Embeddings convert text into numerical vectors for similarity search, retrieval, and RAG applications. LiteLLM provides a unified interface for embeddings across OpenAI, Cohere, HuggingFace, and more.

Quick Start

from litellm import embedding

response = embedding(
    model="text-embedding-3-small",
    input=["Text to embed"]
)

vector = response.data[0].embedding
print(f"Vector length: {len(vector)}")

Basic Usage

from litellm import embedding

response = embedding(
    model="text-embedding-3-small",
    input="The quick brown fox jumps over the lazy dog"
)

vector = response.data[0].embedding

Providers

Latest embedding models with high quality.
from litellm import embedding

# text-embedding-3-small - Fast and efficient
response = embedding(
    model="text-embedding-3-small",
    input=["Text to embed"]
)

# text-embedding-3-large - Higher quality
response = embedding(
    model="text-embedding-3-large",
    input=["Text to embed"]
)

# ada-002 - Previous generation
response = embedding(
    model="text-embedding-ada-002",
    input=["Text to embed"]
)

Dimensions Control

Some providers allow controlling output dimensions.
from litellm import embedding

# OpenAI - Reduce dimensions for storage efficiency
response = embedding(
    model="text-embedding-3-large",
    input=["Text to embed"],
    dimensions=256  # Default is 3072 for 3-large
)

# Cohere - Control output dimension
response = embedding(
    model="cohere/embed-english-v3.0",
    input=["Text to embed"],
    dimensions=384
)

Encoding Format

from litellm import embedding

response = embedding(
    model="text-embedding-3-small",
    input=["Text to embed"],
    encoding_format="float"  # or "base64"
)

# Float format (default)
vector = response.data[0].embedding  # List of floats

# Base64 format - more compact for transmission
response = embedding(
    model="text-embedding-3-small",
    input=["Text to embed"],
    encoding_format="base64"
)

Batch Processing

Process large datasets efficiently.
from litellm import embedding
from typing import List

def embed_in_batches(texts: List[str], batch_size: int = 100):
    all_embeddings = []
    
    for i in range(0, len(texts), batch_size):
        batch = texts[i:i + batch_size]
        response = embedding(
            model="text-embedding-3-small",
            input=batch
        )
        batch_embeddings = [data.embedding for data in response.data]
        all_embeddings.extend(batch_embeddings)
    
    return all_embeddings

# Process 1000 documents
texts = [f"Document {i}" for i in range(1000)]
embeddings = embed_in_batches(texts)
from litellm import embedding
import numpy as np

def cosine_similarity(a, b):
    return np.dot(a, b) / (np.linalg.norm(a) * np.linalg.norm(b))

# Embed documents
documents = [
    "Python is a programming language",
    "JavaScript is used for web development",
    "Machine learning uses neural networks"
]

response = embedding(
    model="text-embedding-3-small",
    input=documents
)
doc_embeddings = [data.embedding for data in response.data]

# Embed query
query = "What is Python?"
query_response = embedding(
    model="text-embedding-3-small",
    input=[query]
)
query_embedding = query_response.data[0].embedding

# Find most similar
similarities = [
    cosine_similarity(query_embedding, doc_emb)
    for doc_emb in doc_embeddings
]

best_idx = np.argmax(similarities)
print(f"Most similar: {documents[best_idx]}")
print(f"Similarity: {similarities[best_idx]:.4f}")
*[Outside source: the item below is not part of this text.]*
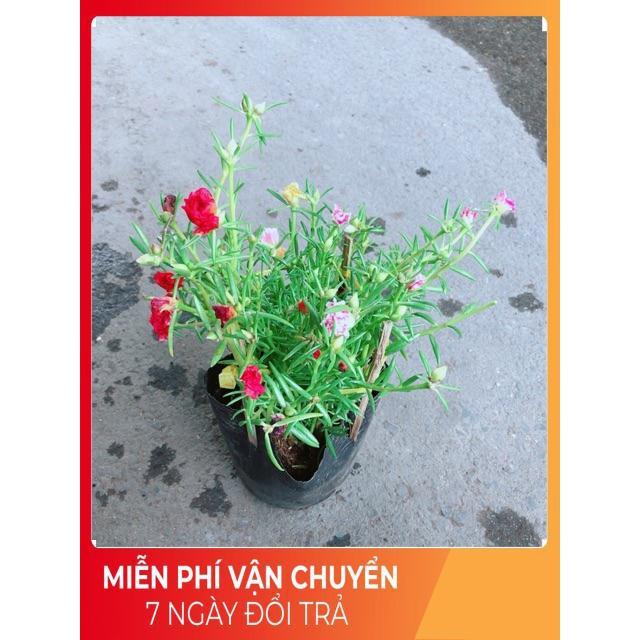 Hoa Mười Giờ Mỹ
RAG (Retrieval Augmented Generation)

from litellm import embedding, completion
import numpy as np

# 1. Embed knowledge base
knowledge_base = [
    "LiteLLM is a unified interface for LLMs",
    "LiteLLM supports 100+ providers",
    "LiteLLM handles automatic retries and fallbacks"
]

kb_response = embedding(
    model="text-embedding-3-small",
    input=knowledge_base
)
kb_embeddings = [data.embedding for data in kb_response.data]

# 2. Embed user query
query = "What does LiteLLM do?"
query_response = embedding(
    model="text-embedding-3-small",
    input=[query]
)
query_embedding = query_response.data[0].embedding

# 3. Find relevant documents
def cosine_similarity(a, b):
    return np.dot(a, b) / (np.linalg.norm(a) * np.linalg.norm(b))

similarities = [
    cosine_similarity(query_embedding, kb_emb)
    for kb_emb in kb_embeddings
]

top_k = 2
top_indices = np.argsort(similarities)[-top_k:][::-1]
relevant_docs = [knowledge_base[i] for i in top_indices]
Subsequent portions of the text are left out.